What are the key factors you see affecting the global economy in the coming year including the conflicts in the Middle East and Ukraine?
The International Monetary Fund’s (IMF) most recent global economic outlook projects inflation to hover around 3.5% except in developing countries that rely heavily on imported goods. Those countries are experiencing much higher inflation because their currency is weak against the dollar and other major currencies. But a global recession appears to have been avoided and the IMF has projected a 3.2% growth in the global economy over the next year.
Both The Wall Street Journal and the pro-labor Economic Policy Institute drew the same conclusion during the presidential campaign — that the next president would be inheriting the strongest economy in the recent past. Going forward, one of the most important factors will depend on what role the U.S. plays in either helping to escalate or resolve the war in Ukraine and the conflict in the Middle East. The U.S. has significant influence over the war in Ukraine and the conflict in the Middle East so, we could minimize the damage or fuel it further.

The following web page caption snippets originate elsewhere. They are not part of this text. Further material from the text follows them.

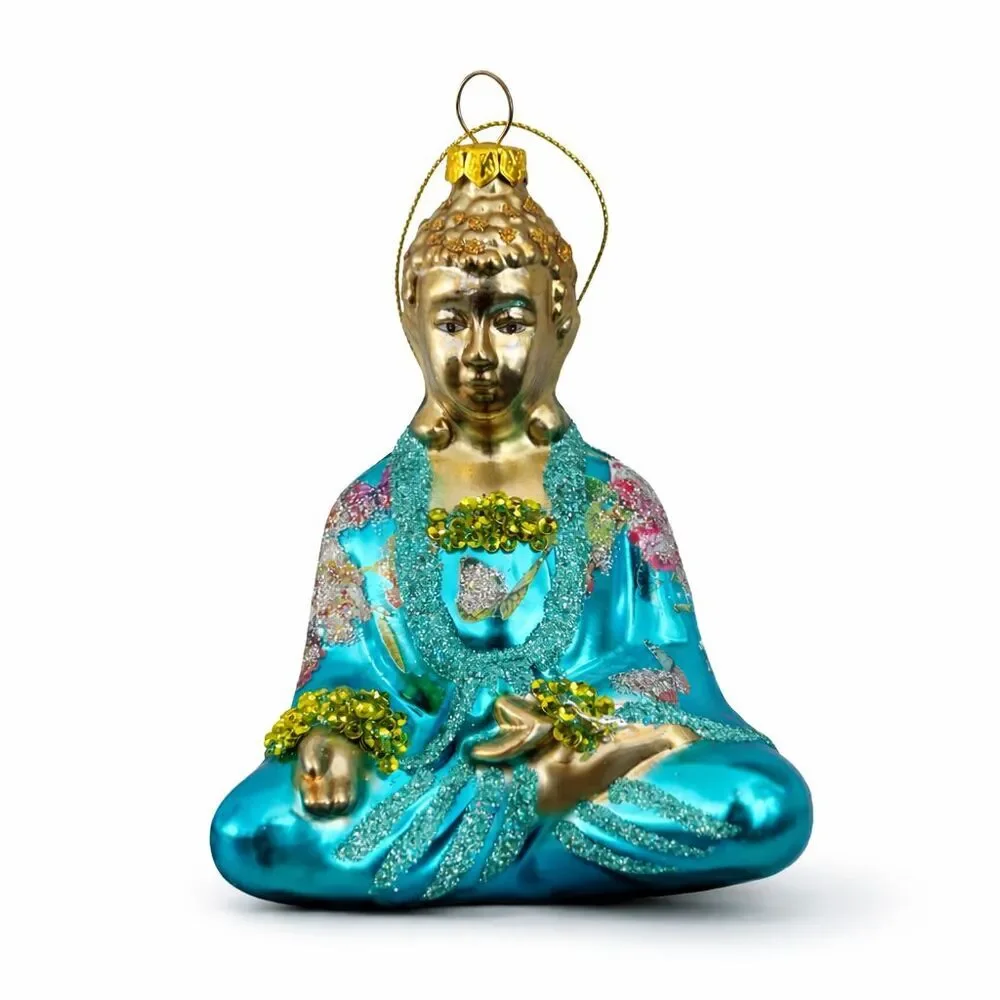 New Kurt Adler Glass Ornament Zen Buddha India Yoga Thailand Asia Peace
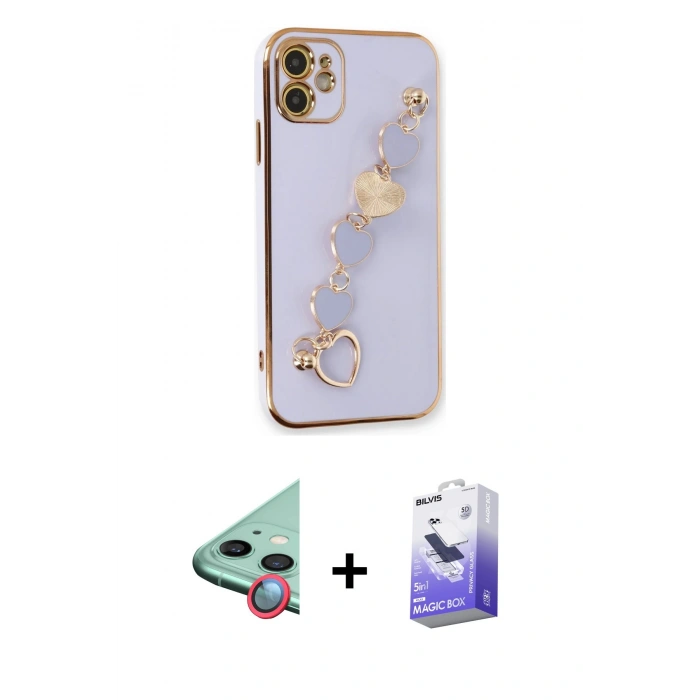 MARSİLYAN™- iPhone 12 Kılıf Nova Işık Prime - Siyah Bilvis 5in1 5D Magic Hayalet Cam Ekran Koruyucu + Raze Metal Kamera Lens - KI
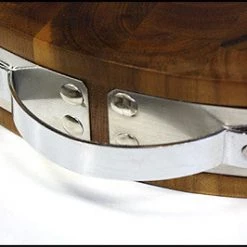 Mountain Woods / Simply Bamboo Mountain Woods Brown Extra Thick Acacia Hardwood End Grain Round Cutting Board W/ Stainless Steel Band - 15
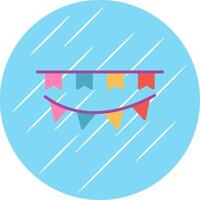 Bunting Flat Circle Icon Design vector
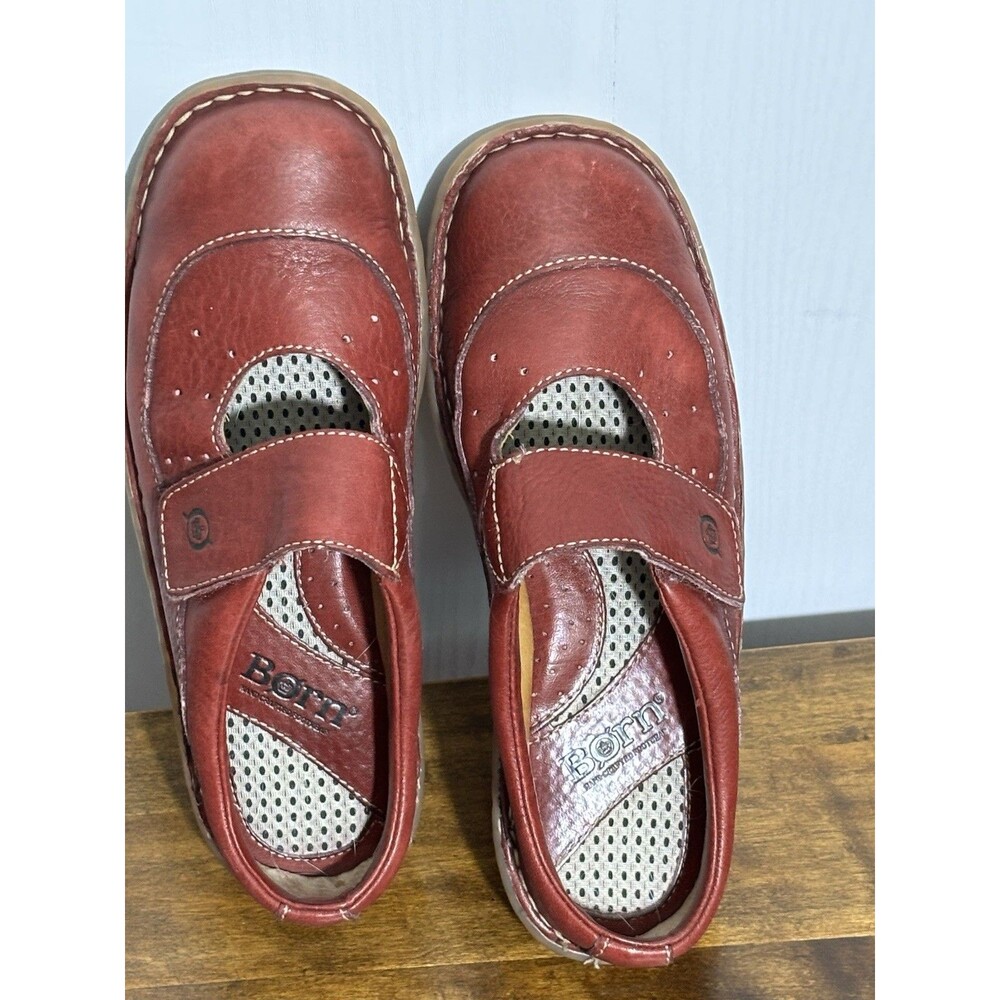 Born Mary Jane Mules Womens 7.5 Red Leather Slip On Shoe 38.5 Wide Strap Comfort - Picture 8 of 14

To close, are you personally hopeful about the outlook for the U.S. economy in 2025?
I’m overly cautious. As I was saying, between 2019 and 2024, cumulative inflation was around 25% and it continues to hit lower-income people disproportionately. If the new administration implements these policies of mass deportation, lower taxes and higher tariffs leading to higher inflation and interest rates, these people will be most affected.
Increasing inequality in income and wealth distribution in the U.S. was what made the recession of 2007-2008 and the depression of 1929 the “Great Recession” and “Great Depression,” respectively. Maldistribution of income and wealth always make economies more vulnerable and fragile. A fairer distribution of income and wealth could make the economy more resilient. But if we don’t address that issue, not only are we making the economy more fragile but also undermining the foundations of democracy regardless of who is in charge!